There were tall glass windows beyond him, like skinny doors, side by side in the wall. One of them was open. Its thin curtains blew inward on the night wind, and moonlight shone through it. The shadow of someone in a pointed cap and loose shirt moved through the night beyond the curtains. John could see the silhouette of the fishing pole in his hand just before he disappeared into the shadow cast by the trees.

A flurry of autumn leaves blew in through the window just then and scraped across the wooden floorboards, dancing around Mr. Deener’s feet. He began to hum, but the humming had no tune to it. Like goblin music it was just a mess of sounds.

He took the bowl of water off the table and lay it on the floor. Then he stepped across to an old bookcase, reached in among the books, and pulled down a glass jar, which he set on the table. Moonlight glowed through the jar. It was filled to the top with chips of colored glass, red and green and yellow and blue, all stirred together in a circus of colors.
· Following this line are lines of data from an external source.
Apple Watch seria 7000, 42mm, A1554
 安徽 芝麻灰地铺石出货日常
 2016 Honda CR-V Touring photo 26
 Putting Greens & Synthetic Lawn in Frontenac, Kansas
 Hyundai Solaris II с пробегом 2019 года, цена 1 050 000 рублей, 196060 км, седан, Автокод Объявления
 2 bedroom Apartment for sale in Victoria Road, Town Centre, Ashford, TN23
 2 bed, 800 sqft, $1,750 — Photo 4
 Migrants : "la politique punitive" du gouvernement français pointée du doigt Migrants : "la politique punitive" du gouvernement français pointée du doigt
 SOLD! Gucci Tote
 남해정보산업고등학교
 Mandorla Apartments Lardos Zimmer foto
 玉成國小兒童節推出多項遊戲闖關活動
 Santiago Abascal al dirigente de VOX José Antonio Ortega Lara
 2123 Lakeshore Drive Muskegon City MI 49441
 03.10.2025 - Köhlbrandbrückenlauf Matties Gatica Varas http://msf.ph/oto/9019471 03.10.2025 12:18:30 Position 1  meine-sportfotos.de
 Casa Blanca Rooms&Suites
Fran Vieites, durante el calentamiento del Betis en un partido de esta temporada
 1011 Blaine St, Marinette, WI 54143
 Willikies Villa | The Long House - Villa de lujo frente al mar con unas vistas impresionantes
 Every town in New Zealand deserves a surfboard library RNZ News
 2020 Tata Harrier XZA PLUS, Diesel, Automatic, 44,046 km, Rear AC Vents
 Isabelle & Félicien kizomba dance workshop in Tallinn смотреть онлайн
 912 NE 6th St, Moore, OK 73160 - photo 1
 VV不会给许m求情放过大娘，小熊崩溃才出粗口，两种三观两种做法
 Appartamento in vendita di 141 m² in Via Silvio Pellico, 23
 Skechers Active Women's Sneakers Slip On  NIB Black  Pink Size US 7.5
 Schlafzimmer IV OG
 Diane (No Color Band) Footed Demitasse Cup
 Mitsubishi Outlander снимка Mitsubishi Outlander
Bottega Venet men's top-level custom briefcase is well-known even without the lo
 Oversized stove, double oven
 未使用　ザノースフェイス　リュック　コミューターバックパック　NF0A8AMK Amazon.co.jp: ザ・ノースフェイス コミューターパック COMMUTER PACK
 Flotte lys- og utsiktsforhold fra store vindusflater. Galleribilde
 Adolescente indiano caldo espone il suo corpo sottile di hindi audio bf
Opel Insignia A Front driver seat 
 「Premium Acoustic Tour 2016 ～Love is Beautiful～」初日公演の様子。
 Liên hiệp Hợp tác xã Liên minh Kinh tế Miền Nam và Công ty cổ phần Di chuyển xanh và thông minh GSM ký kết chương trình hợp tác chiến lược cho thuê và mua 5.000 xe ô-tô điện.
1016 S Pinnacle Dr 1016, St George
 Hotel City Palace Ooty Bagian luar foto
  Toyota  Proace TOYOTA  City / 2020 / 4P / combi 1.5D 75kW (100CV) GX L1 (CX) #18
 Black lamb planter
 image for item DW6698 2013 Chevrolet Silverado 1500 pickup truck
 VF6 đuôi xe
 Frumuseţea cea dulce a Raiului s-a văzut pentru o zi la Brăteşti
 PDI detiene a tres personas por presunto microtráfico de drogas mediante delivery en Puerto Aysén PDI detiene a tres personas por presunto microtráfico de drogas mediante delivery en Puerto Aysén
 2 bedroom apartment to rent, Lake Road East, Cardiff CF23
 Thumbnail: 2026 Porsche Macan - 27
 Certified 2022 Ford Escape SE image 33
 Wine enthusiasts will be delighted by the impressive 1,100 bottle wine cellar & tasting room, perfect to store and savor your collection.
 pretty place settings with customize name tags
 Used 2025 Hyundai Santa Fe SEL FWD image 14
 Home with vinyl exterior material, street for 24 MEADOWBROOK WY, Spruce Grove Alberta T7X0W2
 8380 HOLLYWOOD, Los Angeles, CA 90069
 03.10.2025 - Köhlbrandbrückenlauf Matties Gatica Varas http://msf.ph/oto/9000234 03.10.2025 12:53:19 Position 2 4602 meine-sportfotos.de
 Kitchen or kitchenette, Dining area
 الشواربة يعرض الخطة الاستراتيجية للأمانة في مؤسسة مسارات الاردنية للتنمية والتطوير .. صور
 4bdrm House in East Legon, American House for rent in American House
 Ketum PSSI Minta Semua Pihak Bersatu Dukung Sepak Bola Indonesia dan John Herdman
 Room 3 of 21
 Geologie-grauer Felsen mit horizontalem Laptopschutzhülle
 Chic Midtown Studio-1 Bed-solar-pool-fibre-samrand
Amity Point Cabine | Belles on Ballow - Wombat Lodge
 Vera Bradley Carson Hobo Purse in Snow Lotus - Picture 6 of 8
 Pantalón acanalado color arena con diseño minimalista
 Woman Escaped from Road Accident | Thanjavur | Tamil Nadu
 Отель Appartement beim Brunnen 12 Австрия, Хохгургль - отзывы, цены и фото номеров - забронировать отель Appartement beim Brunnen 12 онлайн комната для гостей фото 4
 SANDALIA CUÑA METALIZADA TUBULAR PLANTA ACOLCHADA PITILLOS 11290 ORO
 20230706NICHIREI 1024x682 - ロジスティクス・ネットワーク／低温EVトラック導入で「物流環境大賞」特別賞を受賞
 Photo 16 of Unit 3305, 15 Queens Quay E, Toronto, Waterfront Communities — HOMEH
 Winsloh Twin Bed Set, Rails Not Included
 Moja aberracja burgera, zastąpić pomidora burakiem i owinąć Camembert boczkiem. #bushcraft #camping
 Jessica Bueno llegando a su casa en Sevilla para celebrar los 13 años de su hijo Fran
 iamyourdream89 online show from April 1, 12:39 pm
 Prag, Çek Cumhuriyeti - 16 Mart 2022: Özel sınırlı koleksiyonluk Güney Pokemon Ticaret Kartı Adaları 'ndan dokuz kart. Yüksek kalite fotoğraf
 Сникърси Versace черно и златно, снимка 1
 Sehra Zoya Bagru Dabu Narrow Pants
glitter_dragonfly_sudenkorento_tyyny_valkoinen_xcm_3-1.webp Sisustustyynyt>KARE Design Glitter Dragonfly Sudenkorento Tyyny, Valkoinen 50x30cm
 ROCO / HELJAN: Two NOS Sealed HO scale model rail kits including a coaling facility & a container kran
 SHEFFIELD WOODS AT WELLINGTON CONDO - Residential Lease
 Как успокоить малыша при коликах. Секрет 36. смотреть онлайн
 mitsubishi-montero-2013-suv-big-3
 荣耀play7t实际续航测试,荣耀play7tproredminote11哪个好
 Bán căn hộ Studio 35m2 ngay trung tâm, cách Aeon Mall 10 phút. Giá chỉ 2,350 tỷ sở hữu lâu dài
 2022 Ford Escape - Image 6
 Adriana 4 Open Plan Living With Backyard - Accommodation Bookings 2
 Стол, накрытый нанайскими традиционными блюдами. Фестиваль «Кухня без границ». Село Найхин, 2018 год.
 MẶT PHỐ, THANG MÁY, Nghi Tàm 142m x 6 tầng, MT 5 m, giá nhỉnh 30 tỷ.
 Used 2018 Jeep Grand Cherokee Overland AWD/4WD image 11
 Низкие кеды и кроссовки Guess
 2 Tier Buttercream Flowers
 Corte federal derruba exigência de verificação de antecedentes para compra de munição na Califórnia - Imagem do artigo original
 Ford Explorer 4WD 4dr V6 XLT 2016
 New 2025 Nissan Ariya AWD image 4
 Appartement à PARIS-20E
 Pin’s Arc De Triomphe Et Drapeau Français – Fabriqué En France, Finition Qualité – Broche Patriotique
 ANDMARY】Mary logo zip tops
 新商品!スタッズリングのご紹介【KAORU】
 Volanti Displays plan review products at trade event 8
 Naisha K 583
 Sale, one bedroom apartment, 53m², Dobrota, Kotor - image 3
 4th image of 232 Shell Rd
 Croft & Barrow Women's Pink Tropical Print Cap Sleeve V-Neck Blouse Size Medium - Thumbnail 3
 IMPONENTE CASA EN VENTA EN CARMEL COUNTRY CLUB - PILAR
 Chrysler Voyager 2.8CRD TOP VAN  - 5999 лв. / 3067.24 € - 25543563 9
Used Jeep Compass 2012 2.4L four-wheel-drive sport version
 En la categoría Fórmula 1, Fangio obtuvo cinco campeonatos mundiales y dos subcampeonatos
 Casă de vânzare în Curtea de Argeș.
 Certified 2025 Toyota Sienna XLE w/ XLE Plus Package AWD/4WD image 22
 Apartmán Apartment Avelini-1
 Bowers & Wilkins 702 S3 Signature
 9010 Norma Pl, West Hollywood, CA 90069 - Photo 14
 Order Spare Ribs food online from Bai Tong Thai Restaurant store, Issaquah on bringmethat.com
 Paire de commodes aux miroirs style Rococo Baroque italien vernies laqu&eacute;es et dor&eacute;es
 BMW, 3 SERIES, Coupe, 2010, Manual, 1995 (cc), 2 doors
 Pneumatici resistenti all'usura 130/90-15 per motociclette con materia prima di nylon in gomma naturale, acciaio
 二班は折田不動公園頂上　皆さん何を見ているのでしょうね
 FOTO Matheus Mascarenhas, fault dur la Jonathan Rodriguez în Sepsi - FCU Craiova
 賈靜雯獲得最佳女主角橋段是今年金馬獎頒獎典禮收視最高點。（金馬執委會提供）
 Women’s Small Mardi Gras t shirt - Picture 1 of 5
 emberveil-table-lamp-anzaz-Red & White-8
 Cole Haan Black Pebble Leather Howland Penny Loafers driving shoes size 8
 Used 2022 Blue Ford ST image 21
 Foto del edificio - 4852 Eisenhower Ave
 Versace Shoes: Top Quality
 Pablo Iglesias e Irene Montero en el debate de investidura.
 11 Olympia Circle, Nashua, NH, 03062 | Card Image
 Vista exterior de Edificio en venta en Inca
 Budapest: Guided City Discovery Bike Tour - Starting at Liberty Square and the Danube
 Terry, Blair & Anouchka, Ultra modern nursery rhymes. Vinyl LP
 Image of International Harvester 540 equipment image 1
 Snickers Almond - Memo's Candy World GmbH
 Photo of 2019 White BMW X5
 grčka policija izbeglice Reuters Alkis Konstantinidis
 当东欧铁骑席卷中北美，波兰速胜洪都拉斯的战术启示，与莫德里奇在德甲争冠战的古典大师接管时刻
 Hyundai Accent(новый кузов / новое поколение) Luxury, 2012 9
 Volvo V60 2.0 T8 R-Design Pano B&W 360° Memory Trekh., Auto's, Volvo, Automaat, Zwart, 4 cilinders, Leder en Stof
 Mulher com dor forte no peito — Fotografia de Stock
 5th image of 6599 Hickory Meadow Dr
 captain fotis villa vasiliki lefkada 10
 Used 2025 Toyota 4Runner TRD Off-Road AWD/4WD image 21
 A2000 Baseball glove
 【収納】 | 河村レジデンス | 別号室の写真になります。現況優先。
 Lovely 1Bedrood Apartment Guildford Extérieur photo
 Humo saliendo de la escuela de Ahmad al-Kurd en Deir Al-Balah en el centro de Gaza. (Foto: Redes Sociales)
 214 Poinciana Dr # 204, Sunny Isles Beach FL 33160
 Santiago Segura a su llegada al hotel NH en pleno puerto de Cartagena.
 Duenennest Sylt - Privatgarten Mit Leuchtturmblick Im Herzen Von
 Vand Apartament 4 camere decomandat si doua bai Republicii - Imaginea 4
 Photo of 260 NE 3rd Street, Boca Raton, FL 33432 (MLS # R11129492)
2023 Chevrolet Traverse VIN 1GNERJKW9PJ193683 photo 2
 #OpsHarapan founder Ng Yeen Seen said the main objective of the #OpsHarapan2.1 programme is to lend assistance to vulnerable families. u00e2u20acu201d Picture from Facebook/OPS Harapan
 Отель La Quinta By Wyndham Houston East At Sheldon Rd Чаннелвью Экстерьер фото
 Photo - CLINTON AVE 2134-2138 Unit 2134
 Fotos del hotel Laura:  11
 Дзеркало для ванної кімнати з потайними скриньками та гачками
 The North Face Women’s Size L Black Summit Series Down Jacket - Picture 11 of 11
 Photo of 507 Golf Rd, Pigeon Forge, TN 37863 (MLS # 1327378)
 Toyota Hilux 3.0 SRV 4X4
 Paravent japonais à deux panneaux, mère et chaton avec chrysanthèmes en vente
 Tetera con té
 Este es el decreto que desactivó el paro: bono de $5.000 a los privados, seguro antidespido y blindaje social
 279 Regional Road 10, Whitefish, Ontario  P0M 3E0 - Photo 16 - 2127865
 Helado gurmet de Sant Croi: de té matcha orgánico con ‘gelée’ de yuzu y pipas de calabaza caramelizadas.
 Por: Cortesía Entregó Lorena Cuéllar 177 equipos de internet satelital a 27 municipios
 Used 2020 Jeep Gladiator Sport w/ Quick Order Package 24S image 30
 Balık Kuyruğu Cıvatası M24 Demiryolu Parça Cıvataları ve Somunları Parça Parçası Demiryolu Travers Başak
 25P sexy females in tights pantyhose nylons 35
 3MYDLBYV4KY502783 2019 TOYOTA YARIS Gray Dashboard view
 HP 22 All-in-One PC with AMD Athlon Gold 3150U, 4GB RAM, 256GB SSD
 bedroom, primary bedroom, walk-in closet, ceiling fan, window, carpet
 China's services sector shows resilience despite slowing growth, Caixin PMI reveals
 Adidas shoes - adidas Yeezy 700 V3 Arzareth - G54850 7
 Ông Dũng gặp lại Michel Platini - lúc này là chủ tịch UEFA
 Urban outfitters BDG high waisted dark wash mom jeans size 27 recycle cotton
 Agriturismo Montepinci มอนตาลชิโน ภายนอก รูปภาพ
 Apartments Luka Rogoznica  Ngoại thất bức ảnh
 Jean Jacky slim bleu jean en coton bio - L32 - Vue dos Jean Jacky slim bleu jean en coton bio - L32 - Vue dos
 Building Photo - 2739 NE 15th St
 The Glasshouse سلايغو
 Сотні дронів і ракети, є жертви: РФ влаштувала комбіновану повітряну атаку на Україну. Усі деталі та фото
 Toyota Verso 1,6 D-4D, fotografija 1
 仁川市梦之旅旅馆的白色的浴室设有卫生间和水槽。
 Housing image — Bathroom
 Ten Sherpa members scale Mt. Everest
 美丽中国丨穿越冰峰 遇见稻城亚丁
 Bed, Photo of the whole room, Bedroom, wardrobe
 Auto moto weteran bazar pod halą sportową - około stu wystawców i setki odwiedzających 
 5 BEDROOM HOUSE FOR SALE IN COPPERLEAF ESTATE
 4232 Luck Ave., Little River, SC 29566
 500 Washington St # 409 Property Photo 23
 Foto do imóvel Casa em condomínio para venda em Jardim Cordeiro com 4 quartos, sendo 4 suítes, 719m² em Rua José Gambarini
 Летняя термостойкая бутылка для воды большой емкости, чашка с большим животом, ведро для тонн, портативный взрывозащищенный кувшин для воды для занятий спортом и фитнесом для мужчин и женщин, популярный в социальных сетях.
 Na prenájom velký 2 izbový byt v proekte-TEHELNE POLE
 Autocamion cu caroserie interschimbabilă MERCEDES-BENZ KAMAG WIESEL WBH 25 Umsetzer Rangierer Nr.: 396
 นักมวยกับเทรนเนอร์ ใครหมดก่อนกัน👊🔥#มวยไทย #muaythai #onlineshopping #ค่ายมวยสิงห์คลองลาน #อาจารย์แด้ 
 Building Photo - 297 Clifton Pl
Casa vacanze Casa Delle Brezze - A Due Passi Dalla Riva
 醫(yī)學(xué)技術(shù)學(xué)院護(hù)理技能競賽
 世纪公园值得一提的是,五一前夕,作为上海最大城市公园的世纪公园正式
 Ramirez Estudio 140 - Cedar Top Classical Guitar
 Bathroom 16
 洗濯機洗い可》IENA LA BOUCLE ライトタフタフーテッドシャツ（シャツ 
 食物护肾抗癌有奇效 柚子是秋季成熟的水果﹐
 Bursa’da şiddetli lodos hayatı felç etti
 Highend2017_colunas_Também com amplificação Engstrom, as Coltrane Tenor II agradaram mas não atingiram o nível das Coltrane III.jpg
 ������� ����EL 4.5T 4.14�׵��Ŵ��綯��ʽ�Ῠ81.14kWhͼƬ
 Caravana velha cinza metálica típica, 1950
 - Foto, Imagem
He reached high over his head to where a rope dangled in the air, leading up into the darkness of the high ceiling. There was a creaking noise when he pulled on the rope. He let it go with a snap, and the end of the rope flew up into the air, and there was the sound of something rushing downward like a bucket down a well. A window appeared from above, jerking to a stop in front of the table. It looked exactly like Mrs. Owlswick’s window.

Danny stood up and stepped into the opened doorway. John lunged forward and grabbed him by the shoulders, pulling him back into the shadows. “Wait!” John whispered into his ear.

(Chapter 17 continues after illustration)

“That’s our window!” Danny whispered back to him. “He stole that too!”

“If that’s our window, then good,” John said. “At least it’s safe. At least we know where it is. But probably it’s a window just like ours. Let’s see what he’s up to.”

Mr. Deener’s humming suddenly stopped, and both John and Danny held their breath, waiting. Had he heard them? John peeked past the door frame again. Mr. Deener stood very still in front of the table. He seemed to be looking into the jar of glass chips as if it were a crystal ball. His hair blew in the wind through the open window, and his coat-tails danced.

Silver moon beams shined into the room, drifting toward the hanging window, seeping into it. As if it were an aquarium, the level of moonlight rose in the window, higher and higher, swirling around in the pale green glass until it flowed out over the top, spilling into the open jar of glass chips.

Mr. Deener stood right behind the table, still peering closely into the jar. He was no longer humming or singing or crying or talking to himself, but seemed to be hypnotized by what he saw in the jar. Rainbow-colored moonlight shone through his wispy hair, and the hanging window swung slowly back and forth in the wind.

And then, from out of nowhere, a goblin stood next to Mr. Deener.

It had happened so quickly, that John had barely seen it appear. There had been a blur of light and shadow, and then the moonlight had seemed to blink, and the goblin stood there on its skinny little legs. It was half Mr. Deener’s size,—a shriveled-up Mr. Deener. It shook its head and gobbled a little bit, as if trying out it voice for the first time. Then it began to cry, sounding very much as Mr. Deener had sounded just a few minutes earlier. Mr. Deener gasped and trod backward, pushing it away from him.